A Health Savings Account (HSA) is a bank account whose annual contributions can only be used for paying medical expenses, such as out-patient testing, treatment, and medical visits – but not health insurance premiums. Contributions can be made by an employer, an individual, a relative or even an acquaintance. HSAs must be paired with a qualified high deductible insurance policy, which is much less expensive than low deductible insurance.
  The annual allowable contribution to the HSA, the insurance policy minimum deductible, and the maximum out-of-pocket expense are defined by federal law, and the amounts change annually. Unspent funds roll over and gain compound interest annually. Contributions, compound interest, and withdrawals for medical care are all pre-tax. The insurance policy pays for expenses above the policy’s deductible. HSAs preserve patient’s choices and become part of a person’s estate.
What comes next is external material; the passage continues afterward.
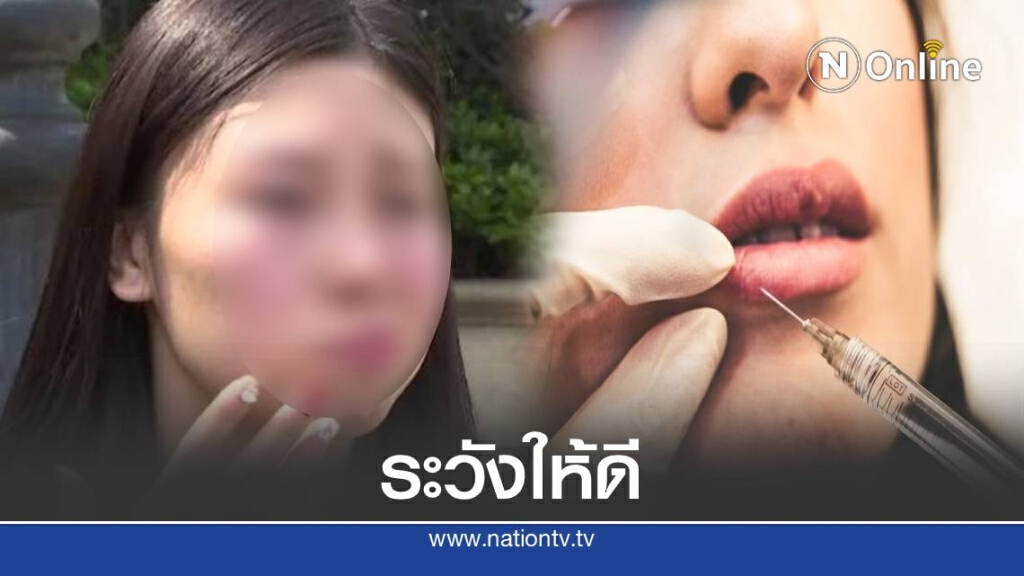 สาวจีนโดนฉีดฟิลเลอร์พลาด จนเป็นอัมพาตที่หน้า สาวจีนโดนฉีดฟิลเลอร์พลาด จนเป็นอัมพาตที่หน้า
HSAs passed into law in 2003, grew faster than IRAs, 401K plans, or managed care, and now cover more than 20 million people. However, ObamaCare exchange plans set “minimum deductibles” so high that only 1/5 of existing HSA plans can meet with exchange requirements. The same can be said of maximum out-of-pocket expenses.
Several studies show that HSAs change patients’ behavior and encourage better patient care through better compliance with outpatient testing, medication, and treatment programs. Resulting in decreased hospitalization then markedly reduces overall health care costs.
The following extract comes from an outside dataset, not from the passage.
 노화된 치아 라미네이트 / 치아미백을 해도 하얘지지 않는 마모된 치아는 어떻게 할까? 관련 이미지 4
Congress should: allow HSA contributions to be doubled; allow HSAs to fund high deductible health insurance policies for both private and Medicaid patients; and modify federal requirements to allow more HSAs to be eligible for ObamaCare programs. These changes would also allow many, but not all, Medicaid patients to have HSA plans and private, primary care physicians, instead of inundating hospital emergency rooms with expensive care of minor illnesses.